“Tis the season for lots of things, and indulging in warm, hearty comfort-food is one of them. This recipe is straight out of Gumbo Love. As the temperature drops, baking a savory pie in the oven is the most perfect thing I can think of doing today.
If you make the Rustic Chicken PotPie, let me know how it goes for you. Or, tell me in the comments what is your go-to comfort-food recipe on a chilly December weekend? #ChickenPotPie #GumboLove
Ingredients / Serves 8
Organic olive oil cooking spray
3 boneless, skinless chicken breasts
4 boneless, skin on chicken thighs
4 cups chicken broth
1 package small pearl onions (about 2 cups)
1 cup frozen peas
½ cup white wine or sake
3 tablespoons extra virgin olive oil
2 cups coarsely chopped sweet onion
1 teaspoon sea salt
2 cups coarsely chopped celery
2 cups coarsely chopped carrots
3 tablespoons unsalted butter
½ cup all-purpose flour
1 cup heavy cream
½ teaspoon dried oregano
½ teaspoon dried thyme
2 teaspoons dried tarragon
1/4 teaspoon white pepper
1/4 teaspoon ground turmeric
1 cup loosely packed coarsely chopped fresh parsley
1 Pillsburry refrigerated piecrust (see note)
1 egg white, slightly beaten
- Preheat the oven to 350°F. Grease a 9 x 13“ baking dish with olive oil spray and set aside.
- Place all the chicken pieces in a metal baking pan. Generously season the chicken with seasoned salt and lemon pepper. Add 1 cup of the broth. Bake for 1 hour, basting and turning the chicken every 20 minutes, until most of the broth and the chicken juices have reduced to golden brown drippings.
- While the chicken is baking, in a medium sauce pan, bring 2 – 3 cups of water to a boil. Add the pearl onions and boil for 3 – 4 minutes. Remove from the heat and let cool. Remove and discard the onion skins and set the onions aside.
- Run hot water over the peas in a strainer until they are thawed. Drain completely. Place in a bowl and set aside.

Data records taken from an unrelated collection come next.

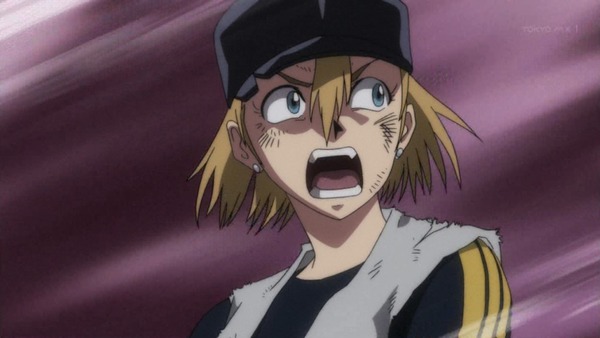 「うしおととら」39話感想 (9)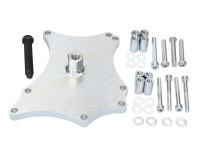 Utensile per la separazione del carter motore Easyboost Utensile per la separazione del carter motore Easyboost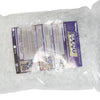 Silent sport geluidsisolatiemateriaal premium insulation material sp 500gr. premium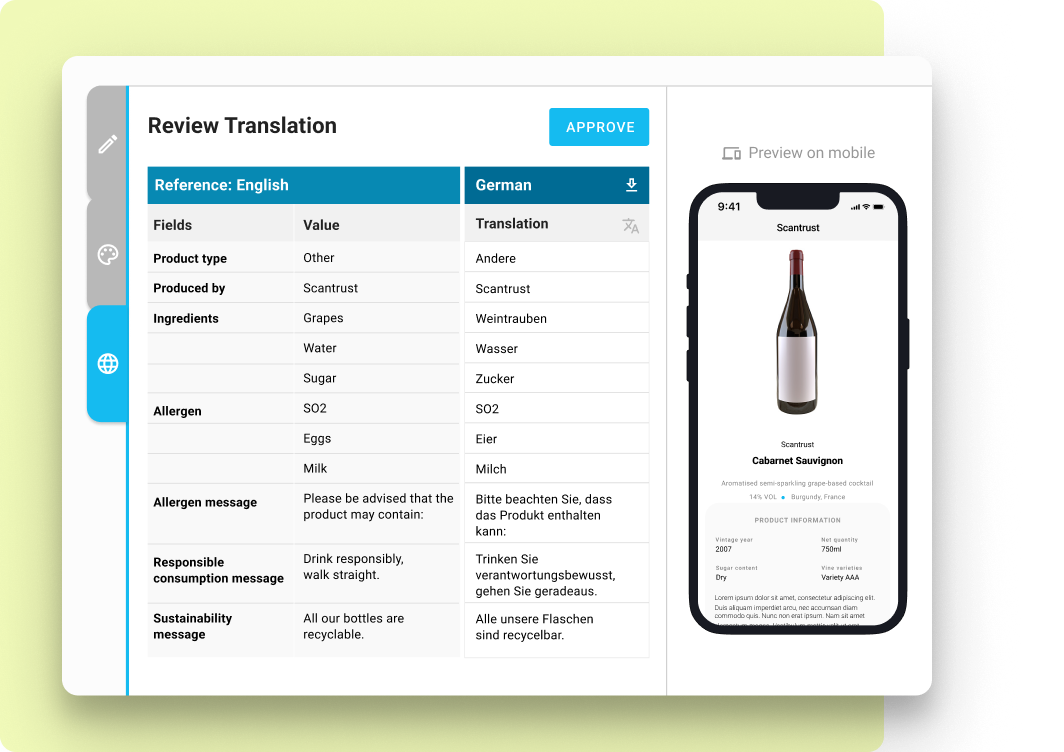 Translation-E-Label-2 (4)
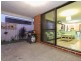 19 Ladywell Crescent, Butler WA 6036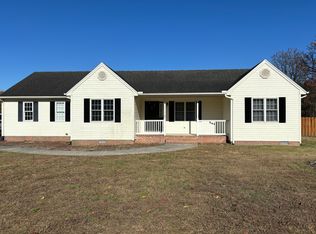 30918 Ward Rd, Salisbury, MD 21804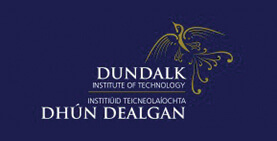 Dundalk Institute Of Technology resize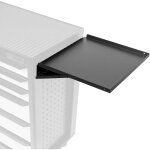 Ks tools - tablette latrale pour servantes - 816. 9932
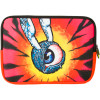 Hot Lap Sleeve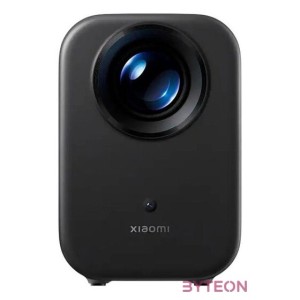 Xiaomi BHR9417EU Smart Projector L1 EU Full HD Wi-Fi,BT LCD projektor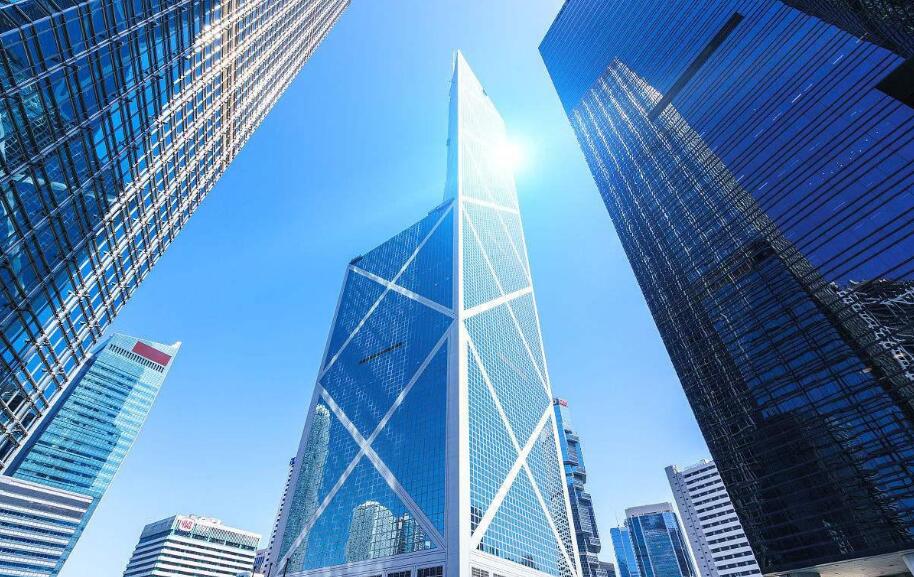 中銀香港獲批准設立越南河內代表處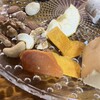 多々楽達屋 名古屋三越栄店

- Once the chicken is done baking, remove it from the pan to cool (keep the oven on). While the pan is still hot, add the wine to deglaze the baking pan, whisking and scraping all the chicken bits from the bottom of the pan and stirring them into the wine. Pour the drippings into a measuring cup and set aside.
- Chop the chicken into bite-size pieces (do not shred). Set aside.
- In a medium stock pot, heat the olive oil over medium high heat. Add the chopped sweet onion and ½ teaspoon of the salt and sauté until the onion just begins to caramelize, about 5 minutes.
- Add the celery and carrots. Sauté until the vegetables are soft and lightly browned, about 10 minutes.
- Add the butter and stir until it’s melted. Add the flour and stir to combine. Cook, stirring continuously for 2 or 3 minutes, or until the flour begins to brown slightly.
- Add the remaining 3 cups broth and the cream. Cook over low heat until the mixture thickens, then add the reserve liquid from the chicken drippings.
- Add the oregano, thyme, tarragon, white pepper, turmeric, and the remaining ½ teaspoon salt. Stir together.
- Add the pearl onions and thawed peas and gently stir.
- Gently stir in the chicken and parsley.
- Sprinkle flour over the counter or a marble pastry slab and roll out the piecrust dough to fit the 9 x 13” baking dish.
- Transfer the chicken mixture into the prepared baking dish. Drape the piecrust over the dish, prepping the sides – I like mine very rough and rustic.
- Brush the top of the piecrust with the beaten egg. Use a knife to make a few thin slits in the crust to release the steam as it cooks.
- Place the potpie in the oven on a low rack and bake for 30 minutes.
- Move the potpie to a top rack and bake for 30 minutes more or until the pastry is golden brown.
*Note: I’m not a very good baker, which is why I usually use a ready-made pastry. I’ve found Pillsburry to be the closest to homemade. If you’re an avid baker or a proficient pastry chef by all means use your favorite pie crust recipe or the one on page 13 in Gumbo Love.